ELIZA Carthy’s working life is nothing if not varied – at the time of our interview the revered folk musician has spent the past few days wearing corsets and sack cloths to play a tavern fiddler in an upcoming historical drama.
“It was interesting but when people say that film is all about waiting around, they’re really not kidding,” she joked.
The film in question is a Tom Stoppard script called ‘Tulip Fever’ – adapted from Deborah Moggach's romance novel of the same name - set in 17th century Amsterdam and starring Dame Judi Dench.
But moving quickly from 1630s Holland to present-day Windermere, Eliza’s next appointment involves heading to Cumbria on Thursday for a unique show at The Lakes School.
The ‘Lakes and Legends’ concert is being hosted by Windermere Reflections to celebrate the end of its three-year environmental programme.
Eliza will be performing a series of songs on the theme of water and rivers, as well as providing the music for two landscape inspired tales performed by storyteller Taffy Thomas.
It was through Taffy – an old family friend – that Eliza got involved.
“He’s a bit of a hero on the folk circuit,” Eliza explained, “and I grew up watching him perform.
“I think folk stories and folk music come from the same source – there’s this pool of anonymous stories that have been passed on for generations either through song or told stories.”

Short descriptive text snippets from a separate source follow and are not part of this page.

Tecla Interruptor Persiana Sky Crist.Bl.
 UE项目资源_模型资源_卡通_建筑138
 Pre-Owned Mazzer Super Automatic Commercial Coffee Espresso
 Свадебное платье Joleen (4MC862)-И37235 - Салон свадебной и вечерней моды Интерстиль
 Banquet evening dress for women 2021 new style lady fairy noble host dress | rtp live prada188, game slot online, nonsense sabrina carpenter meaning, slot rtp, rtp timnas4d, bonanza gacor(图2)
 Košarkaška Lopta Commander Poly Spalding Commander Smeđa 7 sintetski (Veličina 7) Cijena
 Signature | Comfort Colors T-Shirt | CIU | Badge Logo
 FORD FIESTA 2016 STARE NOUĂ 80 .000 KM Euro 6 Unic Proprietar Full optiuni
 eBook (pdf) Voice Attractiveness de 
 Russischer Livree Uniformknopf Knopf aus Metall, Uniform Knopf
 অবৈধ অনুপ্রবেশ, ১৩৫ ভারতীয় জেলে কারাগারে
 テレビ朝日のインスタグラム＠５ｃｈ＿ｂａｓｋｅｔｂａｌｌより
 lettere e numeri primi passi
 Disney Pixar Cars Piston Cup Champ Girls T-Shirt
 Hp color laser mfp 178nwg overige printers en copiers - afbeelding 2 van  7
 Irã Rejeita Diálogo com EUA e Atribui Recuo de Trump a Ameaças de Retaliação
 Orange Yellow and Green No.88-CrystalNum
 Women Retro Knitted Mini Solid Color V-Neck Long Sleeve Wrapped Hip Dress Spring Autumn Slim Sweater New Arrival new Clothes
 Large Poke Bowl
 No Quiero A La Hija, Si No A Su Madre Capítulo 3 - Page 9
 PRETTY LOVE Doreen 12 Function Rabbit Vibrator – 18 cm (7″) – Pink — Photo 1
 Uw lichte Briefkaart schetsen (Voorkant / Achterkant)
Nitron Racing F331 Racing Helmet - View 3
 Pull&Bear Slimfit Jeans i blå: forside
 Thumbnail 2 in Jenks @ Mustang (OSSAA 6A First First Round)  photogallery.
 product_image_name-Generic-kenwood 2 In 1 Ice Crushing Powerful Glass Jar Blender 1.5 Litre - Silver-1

It’s a tradition that Eliza has been immersed in her whole life – as the daughter of English folk musicians singer/guitarist Martin Carthy and singer Norma Waterson, she said there wasn’t a time when she wasn’t aware of music, and folk music in particular.
“Both my parents, but mum in particular, sing all the time – we have songs for everything in this house.”
The house in question is Eliza’s childhood home in North Yorkshire – after 14 years living in Edinburgh she returned when her mum took ill halfway through a tour and ‘ended up staying’.
Despite coming from such a strong musical background, Eliza said it wasn’t her first career choice.
“When music is around so much you take it for granted, so I actually wanted to be a writer – as well as a ballerina and an astronaut and all the other stuff kids want to be.
“My parents’ love of traditional music really instilled in me a love of poetry and I was reading these big epic stories like The Iliad and Tolkien’s novels.
“But of course music took hold – I started touring when I was 14 and never looked back.
“I always loved performing – even at the age of six I’d be jumping up on stage with my dad going, ‘Daddy, I want to sing!’”
For most teenagers, rejecting your parents’ taste of music is a rite of passage, but Eliza never stopped loving the traditional English music she grew up hearing.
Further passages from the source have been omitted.